Exercise objective
Begin at the line containing "Mitsubishi Grandis 2008 - фото 7" in the data below and go on through the line containing "Trois figurines Chats", repeating each line exactly; include both ends and no other line.

[Saved data entries]
*****

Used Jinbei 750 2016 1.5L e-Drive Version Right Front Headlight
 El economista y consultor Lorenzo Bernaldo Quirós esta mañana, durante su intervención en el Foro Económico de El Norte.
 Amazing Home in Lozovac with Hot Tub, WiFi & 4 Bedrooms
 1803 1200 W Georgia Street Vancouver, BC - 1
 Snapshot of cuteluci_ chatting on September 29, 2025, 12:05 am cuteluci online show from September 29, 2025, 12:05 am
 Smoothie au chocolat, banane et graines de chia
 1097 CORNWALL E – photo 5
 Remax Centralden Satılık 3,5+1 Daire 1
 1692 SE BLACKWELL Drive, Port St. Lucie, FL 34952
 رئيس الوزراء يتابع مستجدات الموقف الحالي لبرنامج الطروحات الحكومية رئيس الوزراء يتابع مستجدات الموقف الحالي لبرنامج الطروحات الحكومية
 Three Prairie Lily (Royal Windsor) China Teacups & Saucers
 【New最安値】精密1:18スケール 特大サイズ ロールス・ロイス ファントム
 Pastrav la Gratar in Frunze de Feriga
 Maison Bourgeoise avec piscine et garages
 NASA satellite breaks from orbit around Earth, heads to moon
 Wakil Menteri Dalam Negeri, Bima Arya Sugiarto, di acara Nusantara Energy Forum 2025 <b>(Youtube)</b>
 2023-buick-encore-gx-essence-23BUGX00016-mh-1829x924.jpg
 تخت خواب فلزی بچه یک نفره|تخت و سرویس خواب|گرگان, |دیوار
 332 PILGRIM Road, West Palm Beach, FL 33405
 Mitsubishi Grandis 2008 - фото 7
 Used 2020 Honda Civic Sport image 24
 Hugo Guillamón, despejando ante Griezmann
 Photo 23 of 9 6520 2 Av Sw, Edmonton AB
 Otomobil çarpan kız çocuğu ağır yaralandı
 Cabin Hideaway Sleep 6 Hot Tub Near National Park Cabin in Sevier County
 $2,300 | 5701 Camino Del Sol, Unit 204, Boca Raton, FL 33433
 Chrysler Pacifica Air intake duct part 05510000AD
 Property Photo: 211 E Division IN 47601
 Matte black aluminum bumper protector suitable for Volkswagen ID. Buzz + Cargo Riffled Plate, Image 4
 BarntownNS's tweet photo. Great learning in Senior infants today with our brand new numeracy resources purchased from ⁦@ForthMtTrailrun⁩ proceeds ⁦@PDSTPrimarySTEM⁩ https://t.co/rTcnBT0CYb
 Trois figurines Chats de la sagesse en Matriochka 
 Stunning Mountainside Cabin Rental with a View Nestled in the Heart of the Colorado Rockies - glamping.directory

*****

Answer space
 Mitsubishi Grandis 2008 - фото 7
 Used 2020 Honda Civic Sport image 24
 Hugo Guillamón, despejando ante Griezmann
 Photo 23 of 9 6520 2 Av Sw, Edmonton AB
 Otomobil çarpan kız çocuğu ağır yaralandı
 Cabin Hideaway Sleep 6 Hot Tub Near National Park Cabin in Sevier County
 $2,300 | 5701 Camino Del Sol, Unit 204, Boca Raton, FL 33433
 Chrysler Pacifica Air intake duct part 05510000AD
 Property Photo: 211 E Division IN 47601
 Matte black aluminum bumper protector suitable for Volkswagen ID. Buzz + Cargo Riffled Plate, Image 4
 BarntownNS's tweet photo. Great learning in Senior infants today with our brand new numeracy resources purchased from ⁦@ForthMtTrailrun⁩ proceeds ⁦@PDSTPrimarySTEM⁩ https://t.co/rTcnBT0CYb
 Trois figurines Chats de la sagesse en Matriochka 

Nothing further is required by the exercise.